**PROBLEM TO SOLVE:** Transcribe only the lines of the listing below from the one holding "Tummy Control Tankini" through the one holding "بلوز بافت یقه تور کد1004714", inclusive, without any change.

---

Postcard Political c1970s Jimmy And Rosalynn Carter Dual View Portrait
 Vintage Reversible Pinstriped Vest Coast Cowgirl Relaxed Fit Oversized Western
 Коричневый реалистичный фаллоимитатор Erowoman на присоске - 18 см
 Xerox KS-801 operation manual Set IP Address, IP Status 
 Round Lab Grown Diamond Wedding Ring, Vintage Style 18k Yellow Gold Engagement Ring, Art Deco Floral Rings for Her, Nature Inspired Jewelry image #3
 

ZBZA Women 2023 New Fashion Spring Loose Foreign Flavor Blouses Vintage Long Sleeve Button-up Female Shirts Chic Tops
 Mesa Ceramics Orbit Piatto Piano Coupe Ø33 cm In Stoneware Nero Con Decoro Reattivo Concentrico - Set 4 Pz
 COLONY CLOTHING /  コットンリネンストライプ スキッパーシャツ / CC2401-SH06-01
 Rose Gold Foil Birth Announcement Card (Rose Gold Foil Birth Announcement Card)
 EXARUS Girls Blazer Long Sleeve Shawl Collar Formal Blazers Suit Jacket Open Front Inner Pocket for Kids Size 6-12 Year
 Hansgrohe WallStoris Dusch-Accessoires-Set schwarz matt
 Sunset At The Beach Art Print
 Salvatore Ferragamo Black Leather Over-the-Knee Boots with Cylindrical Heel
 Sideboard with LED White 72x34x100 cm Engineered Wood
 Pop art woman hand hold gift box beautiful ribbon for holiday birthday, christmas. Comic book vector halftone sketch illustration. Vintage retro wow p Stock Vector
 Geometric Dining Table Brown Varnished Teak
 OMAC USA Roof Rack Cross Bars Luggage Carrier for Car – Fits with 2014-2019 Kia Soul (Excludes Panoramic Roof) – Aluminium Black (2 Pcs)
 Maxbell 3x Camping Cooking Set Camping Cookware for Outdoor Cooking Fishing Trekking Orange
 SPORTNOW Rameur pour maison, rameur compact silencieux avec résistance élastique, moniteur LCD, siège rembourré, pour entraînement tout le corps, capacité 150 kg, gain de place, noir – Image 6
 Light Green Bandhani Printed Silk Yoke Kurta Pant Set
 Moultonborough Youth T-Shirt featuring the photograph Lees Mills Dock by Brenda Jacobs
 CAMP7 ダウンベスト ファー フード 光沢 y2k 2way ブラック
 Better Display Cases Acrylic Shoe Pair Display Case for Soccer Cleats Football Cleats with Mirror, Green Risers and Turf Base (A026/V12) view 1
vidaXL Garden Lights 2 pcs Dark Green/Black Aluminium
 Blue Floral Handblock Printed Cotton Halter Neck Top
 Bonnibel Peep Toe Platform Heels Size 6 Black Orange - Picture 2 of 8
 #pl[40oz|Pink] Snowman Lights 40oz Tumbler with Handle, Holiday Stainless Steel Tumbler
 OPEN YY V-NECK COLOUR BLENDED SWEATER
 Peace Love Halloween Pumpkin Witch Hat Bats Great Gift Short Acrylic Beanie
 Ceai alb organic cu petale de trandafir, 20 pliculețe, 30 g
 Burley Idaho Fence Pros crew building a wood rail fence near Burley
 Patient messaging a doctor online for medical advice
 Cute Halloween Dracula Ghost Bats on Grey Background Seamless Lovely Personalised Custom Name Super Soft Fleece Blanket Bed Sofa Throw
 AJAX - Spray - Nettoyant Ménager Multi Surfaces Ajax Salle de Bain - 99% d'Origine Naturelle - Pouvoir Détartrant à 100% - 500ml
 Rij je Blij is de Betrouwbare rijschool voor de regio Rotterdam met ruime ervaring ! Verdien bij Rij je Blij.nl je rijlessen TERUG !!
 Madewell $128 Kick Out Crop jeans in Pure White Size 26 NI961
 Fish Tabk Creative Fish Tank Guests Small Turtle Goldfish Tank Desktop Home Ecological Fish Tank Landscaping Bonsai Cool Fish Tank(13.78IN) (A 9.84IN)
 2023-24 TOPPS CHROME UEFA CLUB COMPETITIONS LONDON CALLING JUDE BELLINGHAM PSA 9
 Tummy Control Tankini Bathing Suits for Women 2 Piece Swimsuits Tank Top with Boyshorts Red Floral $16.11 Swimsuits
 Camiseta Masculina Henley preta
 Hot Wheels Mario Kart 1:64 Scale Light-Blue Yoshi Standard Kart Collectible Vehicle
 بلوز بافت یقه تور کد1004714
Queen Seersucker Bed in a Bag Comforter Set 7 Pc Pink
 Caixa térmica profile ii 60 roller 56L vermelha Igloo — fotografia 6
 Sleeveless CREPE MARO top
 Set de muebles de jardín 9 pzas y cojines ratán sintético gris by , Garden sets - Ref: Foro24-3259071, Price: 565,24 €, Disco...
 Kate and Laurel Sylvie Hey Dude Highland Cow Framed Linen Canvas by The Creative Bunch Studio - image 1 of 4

---

**SOLUTION FOR THIS TASK:**
 Tummy Control Tankini Bathing Suits for Women 2 Piece Swimsuits Tank Top with Boyshorts Red Floral $16.11 Swimsuits
 Camiseta Masculina Henley preta
 Hot Wheels Mario Kart 1:64 Scale Light-Blue Yoshi Standard Kart Collectible Vehicle
 بلوز بافت یقه تور کد1004714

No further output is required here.